Big thanks for response. Any progress (or regress) will be reported. Greetings.


----------



## mgorman87 (Mar 27, 2011)

According to your BIOS manual, you should be able to place the BIOS update on a USB stick and then use the BIOS update utility from the BIOS


----------



## Celestron (May 28, 2011)

I installed actual ASACPI.sys, remove Daemon Tools and install new BIOS. System becomes completely unstable, so i cancel cpu overclock, and then system backs to "normal". Now BSOD and reset with 10D error happened again. So i have system resistant for overclocking and susceptible to old errors . What can i do more with that?


----------



## mgorman87 (Mar 27, 2011)

I would contact Alesis support and see if they can help you.


----------



## Celestron (May 28, 2011)

Alesis support ignored me. Not even small response.
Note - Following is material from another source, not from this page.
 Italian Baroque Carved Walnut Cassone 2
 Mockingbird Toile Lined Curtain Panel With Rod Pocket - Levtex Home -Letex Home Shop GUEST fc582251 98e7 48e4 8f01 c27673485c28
Is it possible to resolve this problem by new firewire card? (Something like that: http://images.okazje.info.pl/p/komp...800-400-2xieee1394b-1xieee1394a-ds-33205-.jpg)

Or new mobo will be necessary?


----------



## mgorman87 (Mar 27, 2011)

You can try. I would start with the firewire card since that seems like the easiest to test. If that doesn't work then I would try a new motherboard.


----------